# Implicit Differentiation word problem

• Apr 4th 2010, 09:05 AM
satx
Implicit Differentiation word problem
"A stone is dropped into a still pond. Concentric circular ripples spread out and the radius of the disturbed area increases at a rate of 16 cm/sec. At what rate does the area of the disturbed region increase when its radius is 4 cm?"

don't really know where to start.

I said A = πr^2 --> r = sqrt(A/π) --> d/dt(r) = sqrt(A/π) . d/dt

Now I'm lost...
• Apr 4th 2010, 10:21 AM
CaptainBlack
Quote:

Originally Posted by satx
"A stone is dropped into a still pond. Concentric circular ripples spread out and the radius of the disturbed area increases at a rate of 16 cm/sec. At what rate does the area of the disturbed region increase when its radius is 4 cm?"

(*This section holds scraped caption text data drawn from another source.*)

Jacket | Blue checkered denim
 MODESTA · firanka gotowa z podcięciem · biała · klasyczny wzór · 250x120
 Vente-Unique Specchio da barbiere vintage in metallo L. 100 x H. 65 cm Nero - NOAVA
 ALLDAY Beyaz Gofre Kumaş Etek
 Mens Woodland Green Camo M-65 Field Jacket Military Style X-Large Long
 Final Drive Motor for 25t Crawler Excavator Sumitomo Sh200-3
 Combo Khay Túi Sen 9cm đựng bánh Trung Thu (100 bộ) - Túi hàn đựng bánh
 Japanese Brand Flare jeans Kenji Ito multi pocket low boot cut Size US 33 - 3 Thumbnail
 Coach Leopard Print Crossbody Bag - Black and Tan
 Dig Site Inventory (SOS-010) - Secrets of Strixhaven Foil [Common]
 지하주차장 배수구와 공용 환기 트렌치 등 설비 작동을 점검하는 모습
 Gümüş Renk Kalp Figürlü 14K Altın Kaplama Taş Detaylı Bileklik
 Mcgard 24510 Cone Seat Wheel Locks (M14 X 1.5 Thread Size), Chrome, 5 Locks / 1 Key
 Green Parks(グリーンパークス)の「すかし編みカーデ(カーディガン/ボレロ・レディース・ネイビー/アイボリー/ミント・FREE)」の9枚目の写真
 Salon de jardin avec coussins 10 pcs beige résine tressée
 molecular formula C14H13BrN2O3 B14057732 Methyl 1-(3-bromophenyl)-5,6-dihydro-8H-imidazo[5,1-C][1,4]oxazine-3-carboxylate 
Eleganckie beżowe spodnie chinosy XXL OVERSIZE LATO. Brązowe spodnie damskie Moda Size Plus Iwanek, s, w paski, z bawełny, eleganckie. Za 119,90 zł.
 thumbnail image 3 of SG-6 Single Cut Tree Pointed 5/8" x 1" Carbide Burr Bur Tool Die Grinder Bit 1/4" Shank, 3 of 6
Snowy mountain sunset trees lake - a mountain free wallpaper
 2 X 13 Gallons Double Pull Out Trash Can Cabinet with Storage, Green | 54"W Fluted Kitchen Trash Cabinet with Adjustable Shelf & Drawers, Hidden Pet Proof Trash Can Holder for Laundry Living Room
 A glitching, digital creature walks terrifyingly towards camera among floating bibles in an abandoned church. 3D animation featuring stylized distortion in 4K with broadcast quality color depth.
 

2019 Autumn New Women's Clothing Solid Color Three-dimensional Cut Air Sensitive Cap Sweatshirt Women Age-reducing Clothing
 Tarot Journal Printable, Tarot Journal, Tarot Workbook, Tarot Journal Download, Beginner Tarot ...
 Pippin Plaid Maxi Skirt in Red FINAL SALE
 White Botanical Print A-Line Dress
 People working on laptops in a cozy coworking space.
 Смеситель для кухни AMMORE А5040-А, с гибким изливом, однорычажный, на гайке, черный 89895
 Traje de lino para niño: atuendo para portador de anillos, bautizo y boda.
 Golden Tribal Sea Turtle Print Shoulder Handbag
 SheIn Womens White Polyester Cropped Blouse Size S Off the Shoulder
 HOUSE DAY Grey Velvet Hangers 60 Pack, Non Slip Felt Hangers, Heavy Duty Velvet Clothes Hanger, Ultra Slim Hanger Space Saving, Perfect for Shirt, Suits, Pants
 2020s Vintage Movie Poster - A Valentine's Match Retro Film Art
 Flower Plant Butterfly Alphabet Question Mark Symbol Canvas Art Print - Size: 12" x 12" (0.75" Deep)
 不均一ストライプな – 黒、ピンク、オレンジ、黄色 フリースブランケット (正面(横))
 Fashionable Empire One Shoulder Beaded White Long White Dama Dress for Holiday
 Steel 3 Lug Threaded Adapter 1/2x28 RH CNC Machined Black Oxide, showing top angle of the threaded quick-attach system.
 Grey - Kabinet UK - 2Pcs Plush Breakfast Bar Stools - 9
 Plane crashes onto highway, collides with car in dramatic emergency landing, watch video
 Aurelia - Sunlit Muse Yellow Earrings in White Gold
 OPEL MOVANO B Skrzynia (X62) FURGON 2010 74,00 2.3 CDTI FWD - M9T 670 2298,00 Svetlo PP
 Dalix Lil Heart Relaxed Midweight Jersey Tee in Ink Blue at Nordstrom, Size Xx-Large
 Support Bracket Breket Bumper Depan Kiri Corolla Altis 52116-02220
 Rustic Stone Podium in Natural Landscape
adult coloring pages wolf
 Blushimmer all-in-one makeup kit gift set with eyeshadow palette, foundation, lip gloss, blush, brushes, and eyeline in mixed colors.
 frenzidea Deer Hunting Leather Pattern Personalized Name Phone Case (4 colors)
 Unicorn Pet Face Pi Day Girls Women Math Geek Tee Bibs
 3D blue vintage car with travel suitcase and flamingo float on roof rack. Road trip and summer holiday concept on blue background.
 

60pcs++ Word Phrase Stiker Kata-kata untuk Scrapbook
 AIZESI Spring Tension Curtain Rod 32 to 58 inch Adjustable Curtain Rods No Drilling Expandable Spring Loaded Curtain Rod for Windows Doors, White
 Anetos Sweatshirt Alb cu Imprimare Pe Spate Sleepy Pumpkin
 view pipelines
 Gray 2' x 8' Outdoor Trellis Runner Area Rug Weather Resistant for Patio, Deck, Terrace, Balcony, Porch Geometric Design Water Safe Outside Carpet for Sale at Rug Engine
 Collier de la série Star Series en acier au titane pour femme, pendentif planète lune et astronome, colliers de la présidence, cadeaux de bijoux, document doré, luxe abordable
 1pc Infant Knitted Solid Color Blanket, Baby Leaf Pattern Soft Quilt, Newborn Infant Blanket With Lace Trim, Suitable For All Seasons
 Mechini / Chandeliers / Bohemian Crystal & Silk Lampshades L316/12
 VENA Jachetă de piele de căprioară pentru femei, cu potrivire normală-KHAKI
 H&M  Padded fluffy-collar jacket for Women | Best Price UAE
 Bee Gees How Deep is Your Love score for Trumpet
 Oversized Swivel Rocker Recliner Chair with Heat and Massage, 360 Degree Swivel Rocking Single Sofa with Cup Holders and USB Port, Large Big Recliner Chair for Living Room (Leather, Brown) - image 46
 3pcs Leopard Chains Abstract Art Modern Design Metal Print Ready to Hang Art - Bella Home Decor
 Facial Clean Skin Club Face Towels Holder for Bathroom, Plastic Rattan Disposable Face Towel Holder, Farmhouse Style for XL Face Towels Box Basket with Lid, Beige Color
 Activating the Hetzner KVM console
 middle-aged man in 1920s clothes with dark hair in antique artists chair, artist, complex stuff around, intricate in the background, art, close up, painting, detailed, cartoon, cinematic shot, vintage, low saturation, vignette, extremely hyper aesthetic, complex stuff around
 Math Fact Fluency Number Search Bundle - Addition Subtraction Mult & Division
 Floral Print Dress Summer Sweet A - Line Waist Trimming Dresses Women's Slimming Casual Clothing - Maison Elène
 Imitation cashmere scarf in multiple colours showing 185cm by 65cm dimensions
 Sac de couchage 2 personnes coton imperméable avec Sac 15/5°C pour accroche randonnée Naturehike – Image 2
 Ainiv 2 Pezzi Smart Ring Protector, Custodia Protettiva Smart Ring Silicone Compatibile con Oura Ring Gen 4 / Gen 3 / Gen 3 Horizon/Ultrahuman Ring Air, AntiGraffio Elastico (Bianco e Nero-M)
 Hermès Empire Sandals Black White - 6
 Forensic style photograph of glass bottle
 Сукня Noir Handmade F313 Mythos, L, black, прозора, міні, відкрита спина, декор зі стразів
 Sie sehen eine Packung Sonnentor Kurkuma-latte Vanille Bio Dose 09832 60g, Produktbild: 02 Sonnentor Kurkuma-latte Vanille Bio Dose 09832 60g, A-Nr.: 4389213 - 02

don't really know where to start.

I said A = πr^2 --> r = sqrt(A/π) --> d/dt(r) = sqrt(A/π) . d/dt

Why did you do that? (and what is it you think you have done for that matter?)

$\displaystyle A=\pi r^2$

Now just differentiate this with respect to time.

CB
• Apr 4th 2010, 10:26 AM
satx
So, d/dt (A) = πr^2(d/dt) = π4^2/.25s = 64π cm^2 per second?
• Apr 4th 2010, 10:37 AM
Jhevon
Quote:

Originally Posted by satx
So, d/dt (A) = (d/dt)πr^2 = π4^2/.25s = 64π cm^2 per second?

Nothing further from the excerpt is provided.